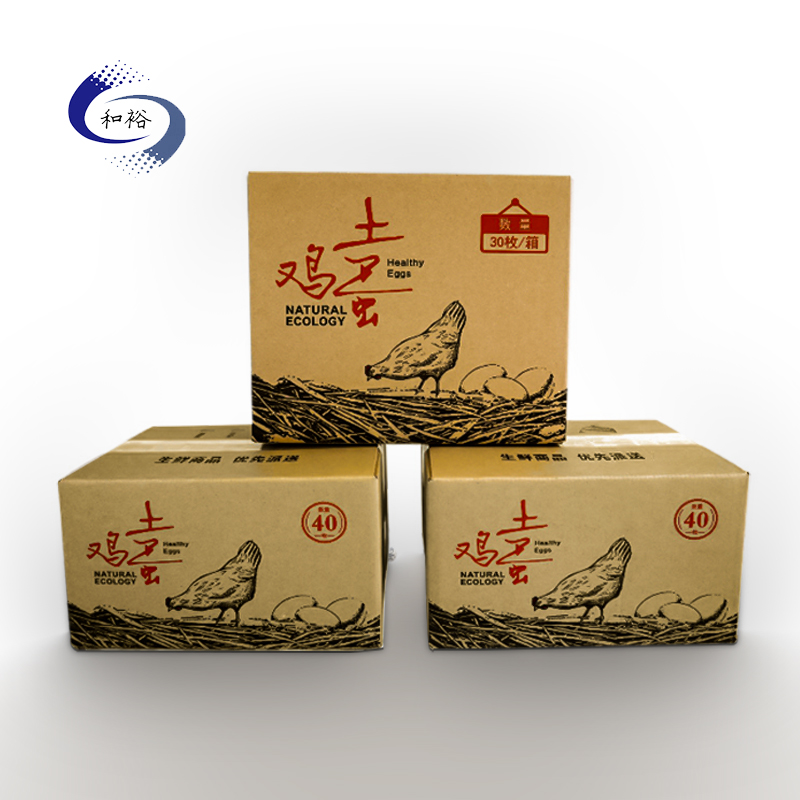 深圳纸箱该如何选购？想要包装纸箱生产质量该如何选择纸箱厂？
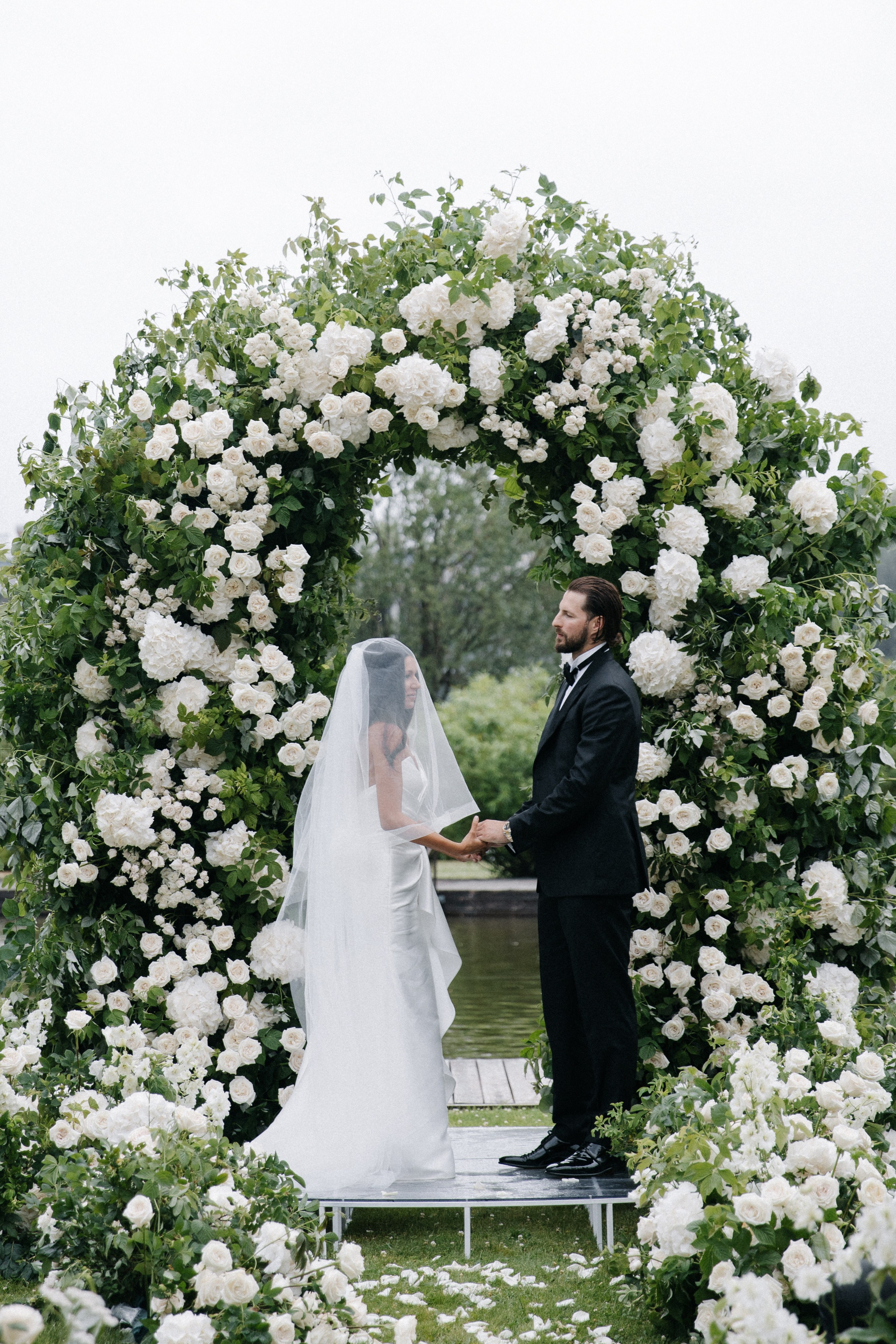 Wedding Photography Pricing – Affordable Packages & Rates. Wedding photographer and videographer New York | New Jersey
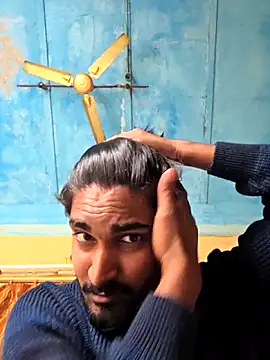 lusty male69 online show from February 2026 08:01:02 AM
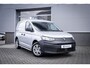 Volkswagen Caddy Cargo Caddy Comfort | Airco | Cruise control | Parkeersensor achter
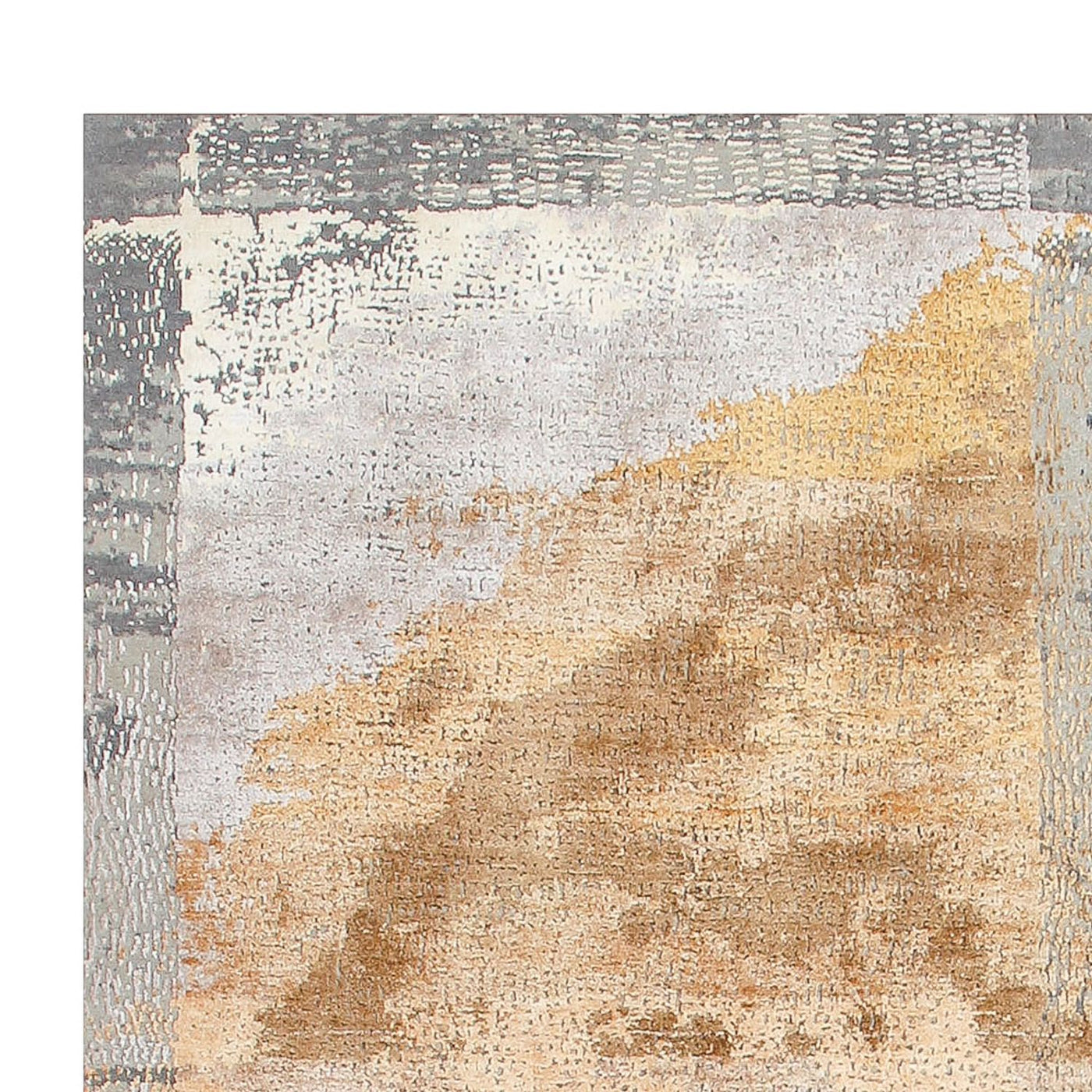 Designerski dywan 306x244cm - Designerteppich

[Exercise prompt] Exact copies of all the entries, without any pictures, are what the answer must contain.

[Output of the exercise]
 深圳纸箱该如何选购？想要包装纸箱生产质量该如何选择纸箱厂？
 Wedding Photography Pricing – Affordable Packages & Rates. Wedding photographer and videographer New York | New Jersey
 lusty male69 online show from February 2026 08:01:02 AM
 Volkswagen Caddy Cargo Caddy Comfort | Airco | Cruise control | Parkeersensor achter
 Designerski dywan 306x244cm - Designerteppich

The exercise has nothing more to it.